Ese intento de componer por cuenta propia lo que no llega a ver, incrementa el estado de inquietud del espectador, reforzando la intriga, y le otorga a Fin una nueva naturaleza como pieza cinematográfica para la reflexión que tiene muchos puntos de contacto con algunos planteamientos teatrales de Anton Chejov, aunque en este caso no sea la decadencia de una clase social lo que se nos planeta, como en El jardín de los cerezos, sino la demolición de toda una civilización, de toda una especie, representada para el espectador en la paulatina demolición de esa otra familia que son el grupo de amigos protagonistas.
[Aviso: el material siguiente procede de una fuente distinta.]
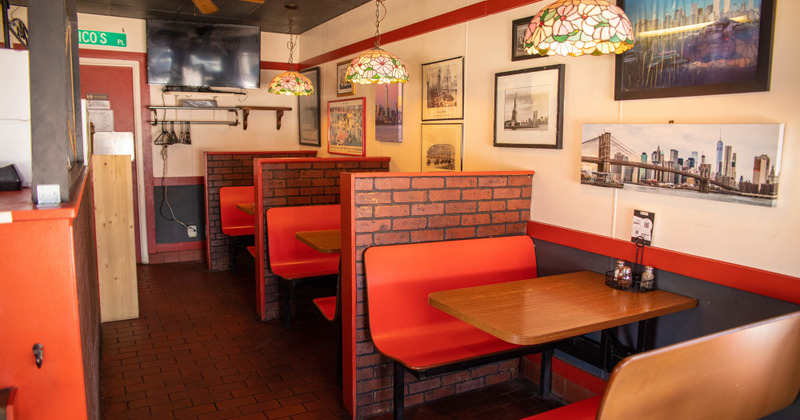 Interior, restaurant booth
Tal y como ocurriera en la fórmula aplicada por Chejov, el paladín narrativo de los tiempos muertos dispuesto siempre a primar la impresión sobre la acción, todos los detalles son esenciales para esas escenas en las que, sólo en apariencia, no ocurre nada.

Y, hablando de detalles llegamos a una de las mejores ideas de la película: el desplazamiento en mi opinión genial de las escenas de catástrofe propias de este género milenarista a esos dibujos al carboncillo que nos van metiendo la inquietud en el cuerpo desde el primer momento y hacen además las veces de recurso narrativo, actuando como prolepsis (o si ustedes prefieren flashforward). Hacer que la acción catastrofista se concentre en esos dibujos permite mantener ese juego estilo Chejov en el que la impresión está por encima de la acción propiamente dicha.